For each entry, return the text exactly and omit any image.

Input data:
================================

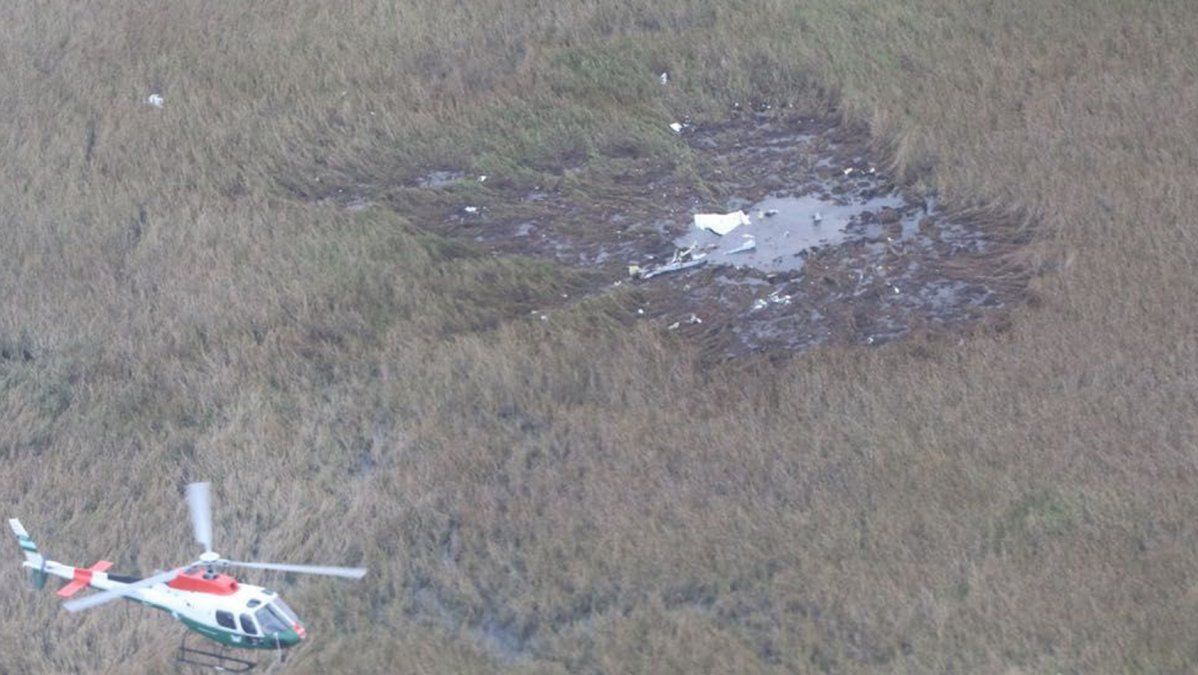 Encuentran los restos del avión en el que viajaba el ministro de Agricultura de Paraguay: no hay sobrevivientes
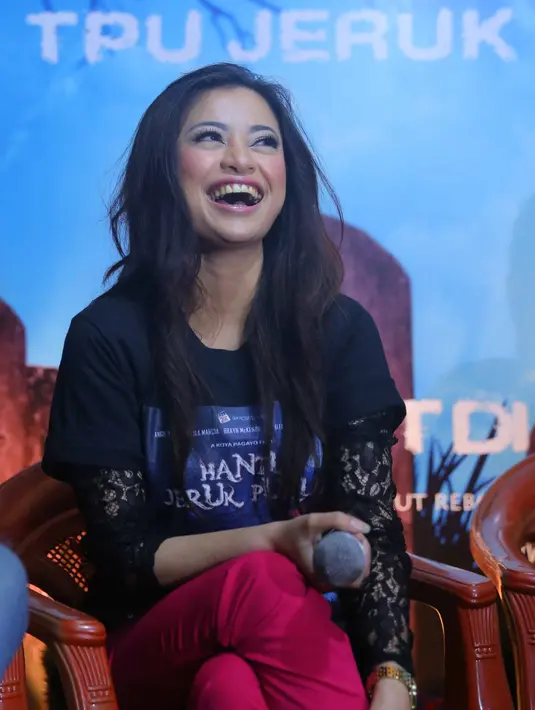 Kini, Angie kembali ke Indonesia untuk bermain dalam film Hantu Jeruk Purut Reborns. Kerinduan suasana syuting menjadi salah satu alasannya kembali main film. Apalagi ini merupakan kelanjutan dari film yang dibintangi sebelumnya. (Nurwahyunan/Bintang.com)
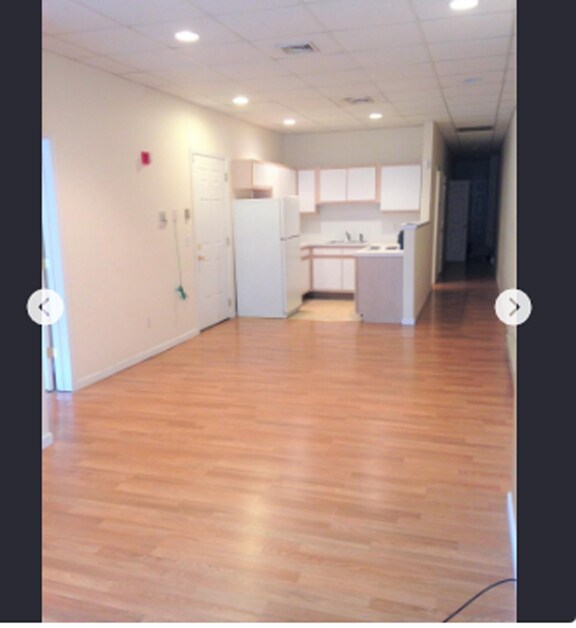 Primary Photo - 99 Atlantic St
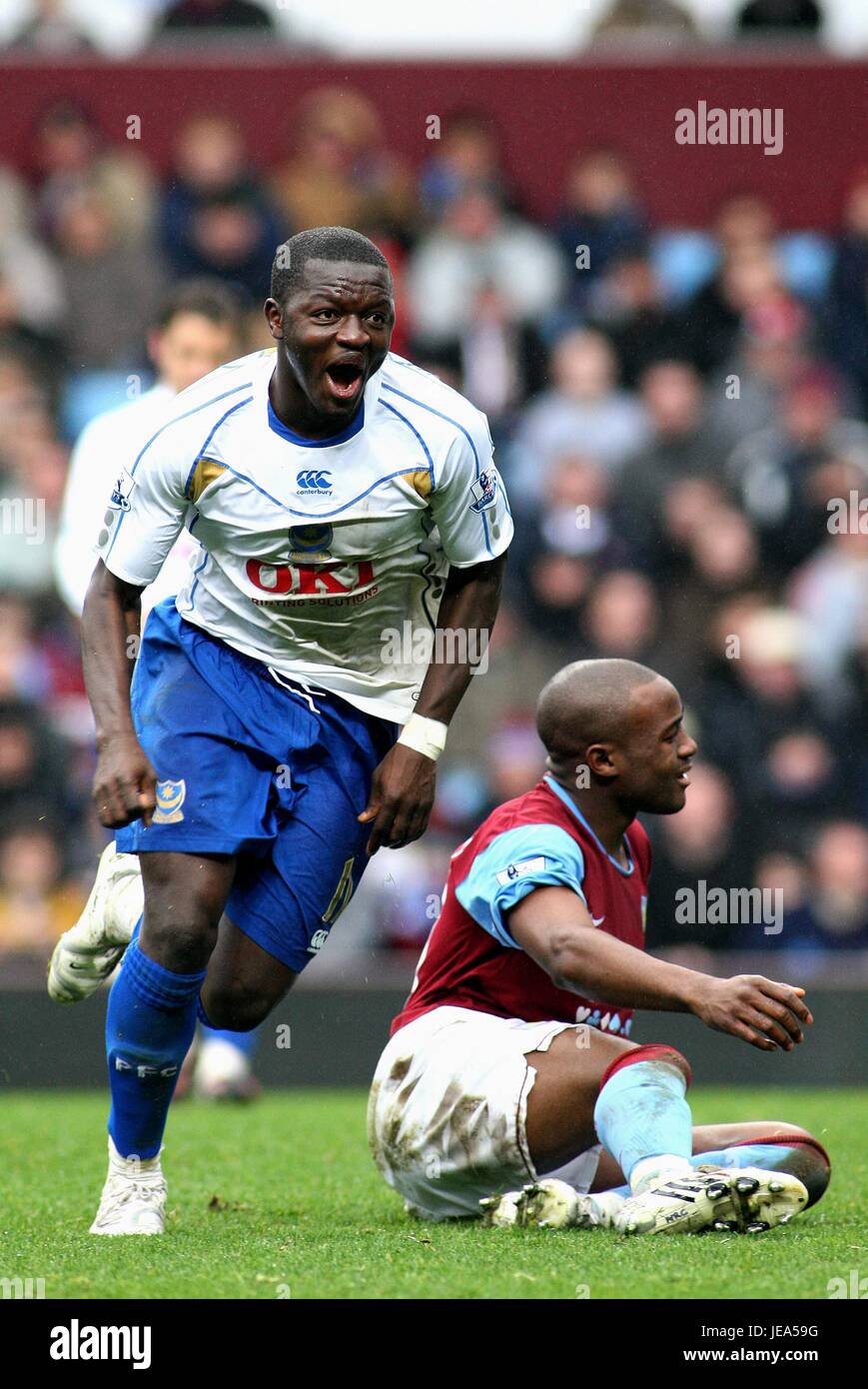 SULLEY MUNTARI NIGEL REO-COKER ASTON VILLA V PORTSMOUTH VILLA PARK Birmingham Inghilterra 08 Dicembre 2007 Foto Stock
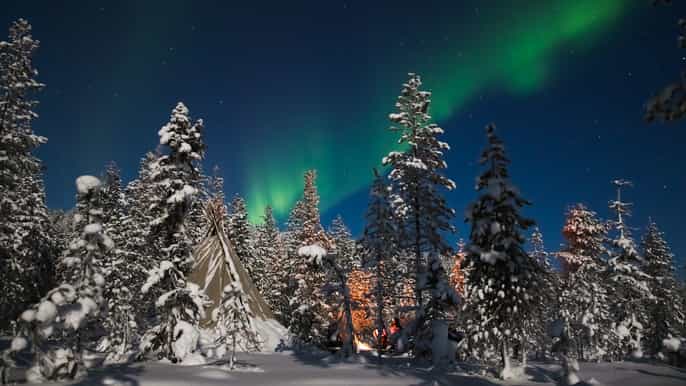 depuis rovaniemi aurores boréales et piquenique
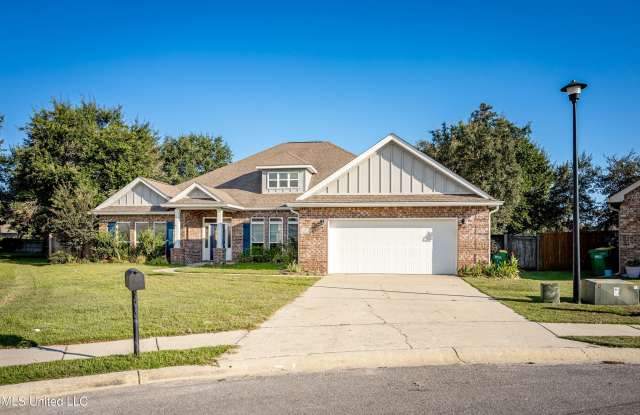 1013 Silverbell Cove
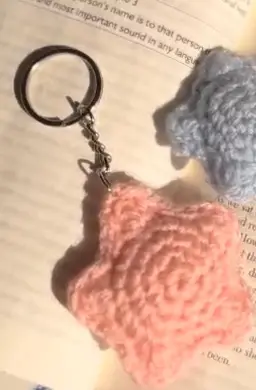 Crochet keychain(pink) 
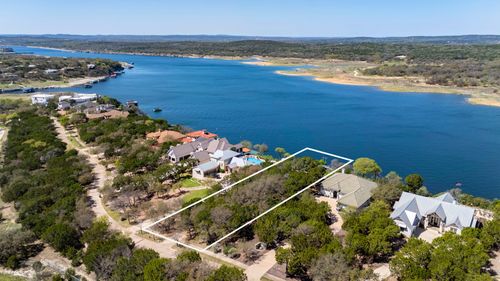 5304 Canyon Oaks Dr, Lago Vista, TX, 78645-6093 | Card Image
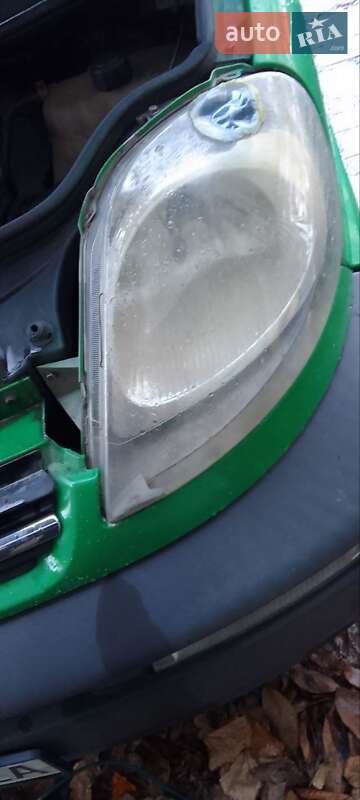 Мінівен Opel Vivaro 2003 в Романіву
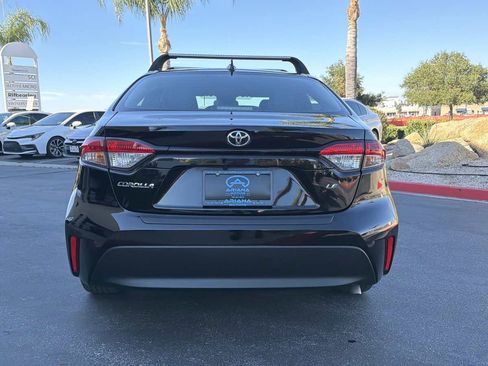 Used 2023 Toyota Corolla LE image 12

================================

Response box:
 Encuentran los restos del avión en el que viajaba el ministro de Agricultura de Paraguay: no hay sobrevivientes
 Kini, Angie kembali ke Indonesia untuk bermain dalam film Hantu Jeruk Purut Reborns. Kerinduan suasana syuting menjadi salah satu alasannya kembali main film. Apalagi ini merupakan kelanjutan dari film yang dibintangi sebelumnya. (Nurwahyunan/Bintang.com)
 Primary Photo - 99 Atlantic St
 SULLEY MUNTARI NIGEL REO-COKER ASTON VILLA V PORTSMOUTH VILLA PARK Birmingham Inghilterra 08 Dicembre 2007 Foto Stock
 depuis rovaniemi aurores boréales et piquenique
 1013 Silverbell Cove
 Crochet keychain(pink) 
 5304 Canyon Oaks Dr, Lago Vista, TX, 78645-6093 | Card Image
 Мінівен Opel Vivaro 2003 в Романіву
 Used 2023 Toyota Corolla LE image 12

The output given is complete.